SOYLENT GREEN IS PEOPLE! IT'S PIIIIIIIIIIIIIIPPEEEEEEUUUUUUULLLE !

----------

## UB|K

ça craque dur ici!!

moi c'est caleçon mais je regrette l'absence du légendaire slip kangourou...

----------

## kwenspc

 *UB|K wrote:*   

> ça craque dur ici!!
> 
> 

 

à ton avis, pkoi je suis en mode commando?   :Laughing:  (euh hum hum)

----------

## UB|K

 *kwenspc wrote:*   

> à ton avis, pkoi je suis en mode commando?   (euh hum hum)

 

ouaip bah épargne nous les détails, pervers!

----------

## Temet

Non mais MDR!

J'ai mis caleçon ... mais c'est Shorties ici  :Wink: 

----------

## kwenspc

 *UB|K wrote:*   

>  *kwenspc wrote:*   à ton avis, pkoi je suis en mode commando?   (euh hum hum) 
> 
> ouaip bah épargne nous les détails, pervers!

 

owned!  (où ai je fait montre de perversité? c'est toi qui pense à mal   :Laughing:  )

bon ok ok --> []

----------

## man in the hill

Salut,

Il fait chaud à N.Y ou quoi ?  Bon pour moi ds la caraïbe c'est short  sinon boxer mais je n'aime pas les vêtements de toute façon   :Laughing:  !

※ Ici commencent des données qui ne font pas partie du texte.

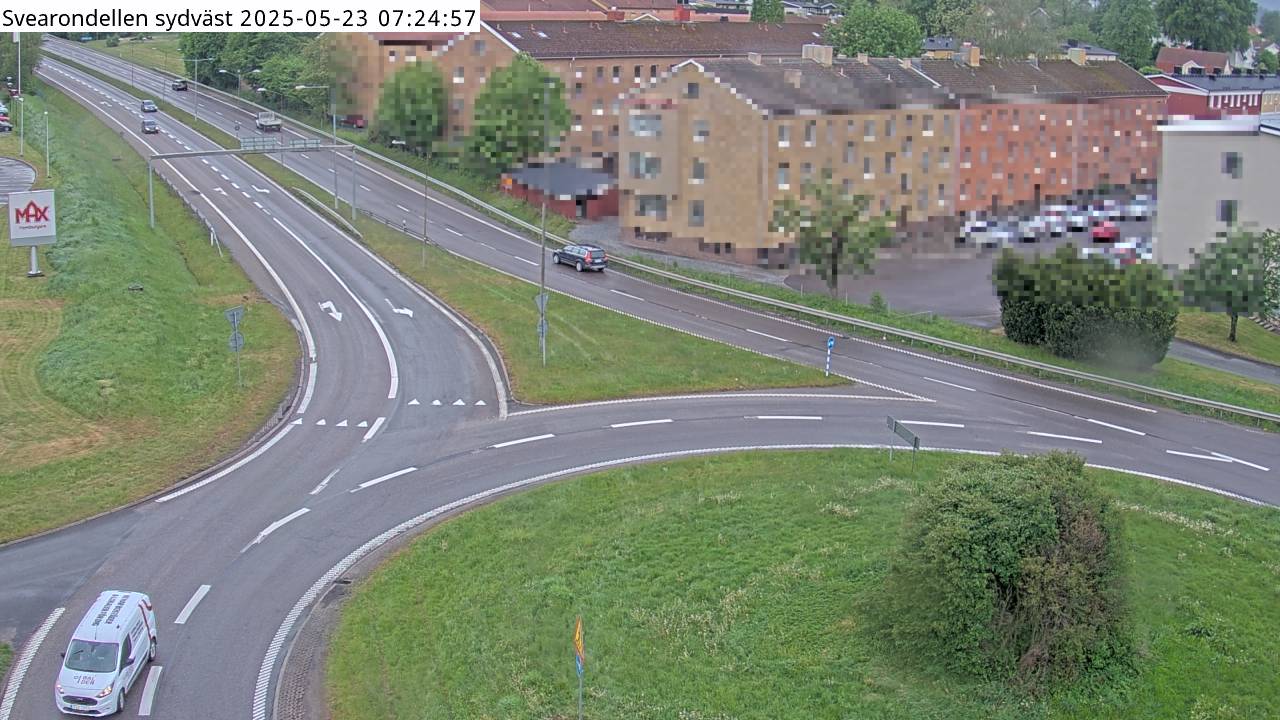 Trafikkamera - Alingsås, E20 Svearondellen, sydväst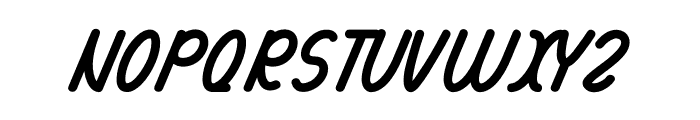 Jackstay Italic Font UPPERCASE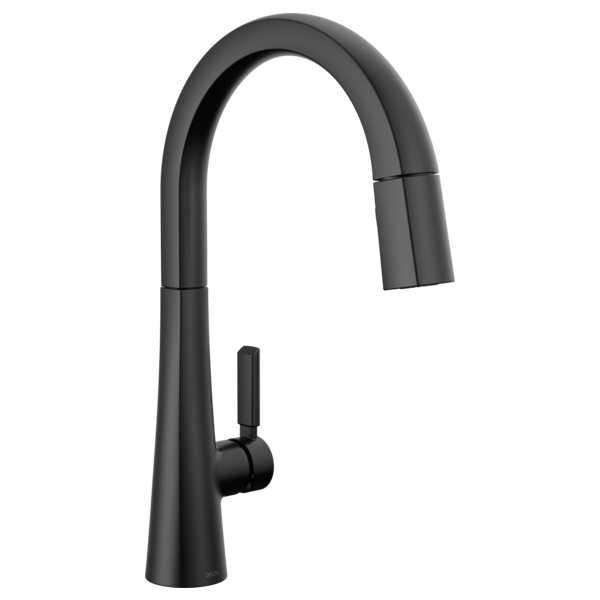 Delta Monrovia Pull-Down Kitchen Faucet Matte Black-Certified Refurbished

Tient il est 12h40 et il fait bien chaud , je crois que je vais passer en mode commando   :Very Happy:  ...

                                                            @ +

----------

## anigel

Rhooo mon Dieu.... Non mais sérieux là, faut apprendre la patience hein  :Wink:  ! Pour la peine, je refuse de voter.

 *Trevoke wrote:*   

> Bon, puisque les modos sont en vacances, je vous prouve une fois de plus que je devrais etre moderateur en prenant la releve tant attendue

 

D'une part les modos ne sont pas vacances, et assument leurs fonctions pleinement, malgré le peu de temps libre laissé par leur "vraie vie", et d'autre part, si tu veux mon avis... C'est mal barré pour devenir calife à la place du calife avec des débats d'un niveau aussi élevé  :Laughing:  ! Tu as pensé à rédiger des HOWTO sur ce genre de sujet ?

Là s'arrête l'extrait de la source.